We had all the time in this timeless universe.

We remembered vibrations of quick, sharp voices....

"Be on the watch, Carlson. There may be nomadic tribes of people on this world. There may be strange diseases and stranger animals. We can't have any wars now. We can't afford war."

"Yes, sir. I'll watch. I'll watch close." And they did watch. But they didn't see anything. They walked in pairs, male and female. They stood on mountains, they strolled in wild-brushed gullies, near naked dry-sand river hollows. They smelled the keen-edged air of Xoton like vigorous wine. They saw a sun go up in the sky and come down in the sky and they saw the stars wheel with cosmic majesty from horizon to horizon. They saw seasons come and go, and at last they were very sure there was no danger.

That was what we had anticipated.

They thought they owned Xoton. They thought it was theirs for good and all. They made many words about it, printed and spoken. They sang ballads about it, toasted it in liquors, dreamed of it in dreams.

We let the first generation and the second generation die of its own accord from its own inherent diseases, its cultural conflicts and social degenerations. We let them build far and wide their web and shuttle and vise of steel. They put boats on the rivers. They put planes in the sky. They put moles in the ground. They put their dead in the ground, too, and all the while we waited and watched for the proper time.

We knew them for what they were.

The senseless little motes of electrical mobility called Animal life: who moved without the cosmic motion, who moved for no reason in no particular direction and made chaos with their flesh mouths about their insensible wildness. We knew them for the final fragments of humanity racing from one world to the next in an insane attempt to survive.

And now when they were settled fine and neat, when they lived in their metal homes and travelled in metal cars, now then it was the precise time for us to act...

The more curious of them may have prophesied something by the simple act of perceiving the quiver of a tree-branch, or the tongue of wet salt green lapping along the soundless shores of the sea, or the movement of the wind, ever so slight.
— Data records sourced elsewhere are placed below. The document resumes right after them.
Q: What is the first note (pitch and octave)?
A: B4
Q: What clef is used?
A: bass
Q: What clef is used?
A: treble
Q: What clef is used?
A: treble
But those things are so natural. In fact, they are the only natural, rhythmical things in the universe, where they have taken their place. All else is unnatural and, therefore, must not long exist.
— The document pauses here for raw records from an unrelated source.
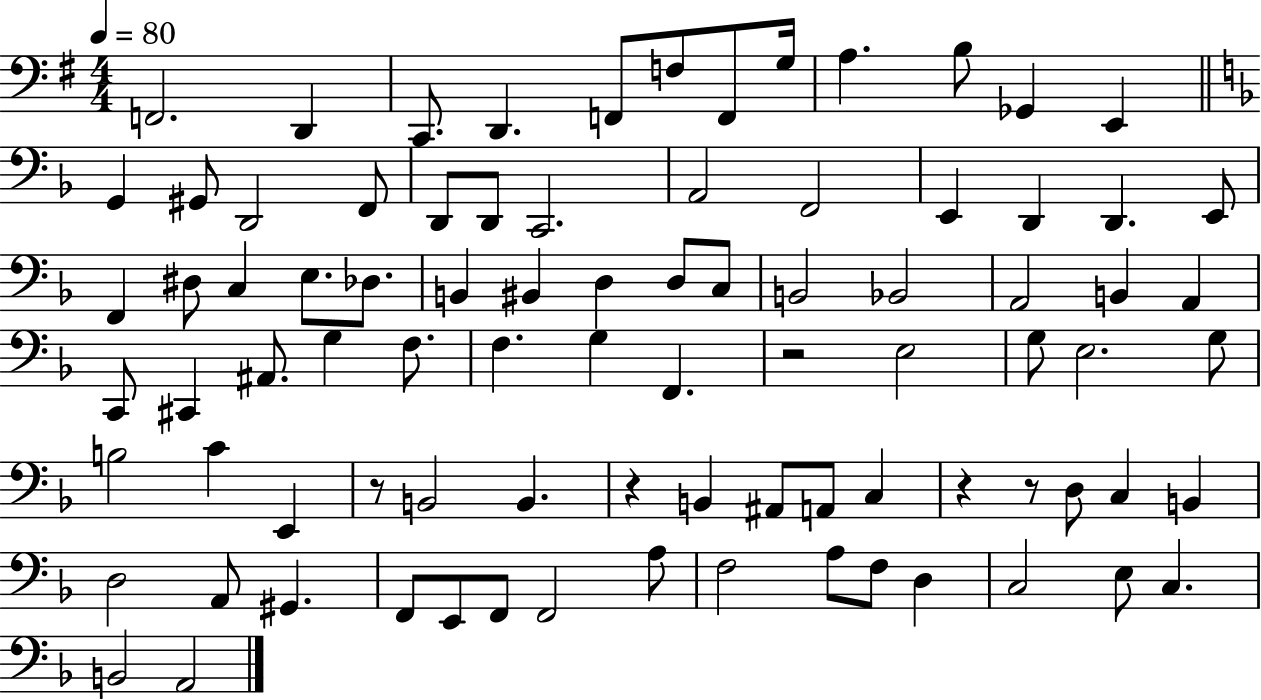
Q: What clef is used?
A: bass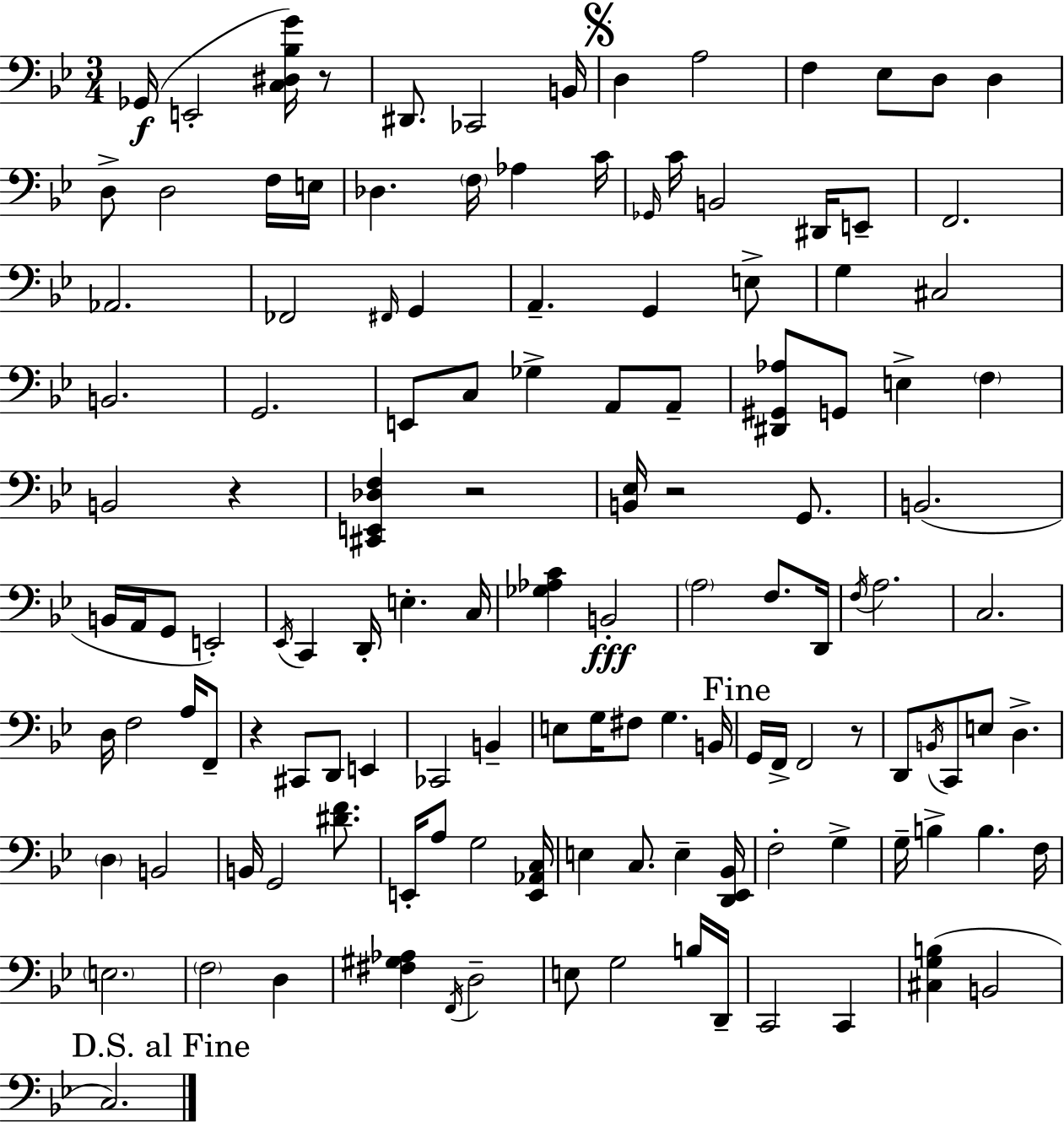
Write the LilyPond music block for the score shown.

{
  \clef bass
  \numericTimeSignature
  \time 3/4
  \key g \minor
  \repeat volta 2 { ges,16(\f e,2-. <c dis bes g'>16) r8 | dis,8. ces,2 b,16 | \mark \markup { \musicglyph "scripts.segno" } d4 a2 | f4 ees8 d8 d4 | \break d8-> d2 f16 e16 | des4. \parenthesize f16 aes4 c'16 | \grace { ges,16 } c'16 b,2 dis,16 e,8-- | f,2. | \break aes,2. | fes,2 \grace { fis,16 } g,4 | a,4.-- g,4 | e8-> g4 cis2 | \break b,2. | g,2. | e,8 c8 ges4-> a,8 | a,8-- <dis, gis, aes>8 g,8 e4-> \parenthesize f4 | \break b,2 r4 | <cis, e, des f>4 r2 | <b, ees>16 r2 g,8. | b,2.( | \break b,16 a,16 g,8 e,2-.) | \acciaccatura { ees,16 } c,4 d,16-. e4.-. | c16 <ges aes c'>4 b,2-.\fff | \parenthesize a2 f8. | \break d,16 \acciaccatura { f16 } a2. | c2. | d16 f2 | a16 f,8-- r4 cis,8 d,8 | \break e,4 ces,2 | b,4-- e8 g16 fis8 g4. | b,16 \mark "Fine" g,16 f,16-> f,2 | r8 d,8 \acciaccatura { b,16 } c,8 e8 d4.-> | \break \parenthesize d4 b,2 | b,16 g,2 | <dis' f'>8. e,16-. a8 g2 | <e, aes, c>16 e4 c8. | \break e4-- <d, ees, bes,>16 f2-. | g4-> g16-- b4-> b4. | f16 \parenthesize e2. | \parenthesize f2 | \break d4 <fis gis aes>4 \acciaccatura { f,16 } d2-- | e8 g2 | b16 d,16-- c,2 | c,4 <cis g b>4( b,2 | \break \mark "D.S. al Fine" c2.) | } \bar "|."
}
The night before it happened, we communicated about it. We agreed, all of us, that the invaders would be taken unaware. We, like an amoeba, had taken them in to our heart. Now they were the nucleus. All we had to do to destroy them would be contrict our pseudopodes. One cosmic movement.

IT WAS a fine warm spring morning. The sky was polished and shining and the ships of men went across that sky like flecks of dream-stuff.

People were walking and talking and living the warm life. There was laughter and there was songs.

And then the mountains moved. And then the sky constricted like a blue fist And then the rivers tore wild in a torrent from their ridges. The earth crumbled, trembling. The sun glowed hot and violent.

Man and his cities were in the nucleus of all this.

We killed them. We crushed them and destroyed them. Every one of them. Every one.

Not one escaped.

It was a triumph of nature. It was so carefully blue-printed and carried to fruition.

We killed them.

And now Xoton is quiet again. Quiet in the yellow sun, quiet in the winds from all the seas and far mountains, quiet like the spreading snow on hills in winter, like ice locking the waters of a creek. So quiet. Oh, in the name of God, so very quiet.

You who read this—in some far distant galactic sphere—look about you. Think of the sun and the sky and the world beneath your fleshy limbs.

Think long and think deep.

Are the rivers running too swiftly this spring? Is the sun too warm in the summer? Are the winds too keen in the autumns? Is the snow too deep in the winter?

Perhaps—perhaps you are living upon another Xoton.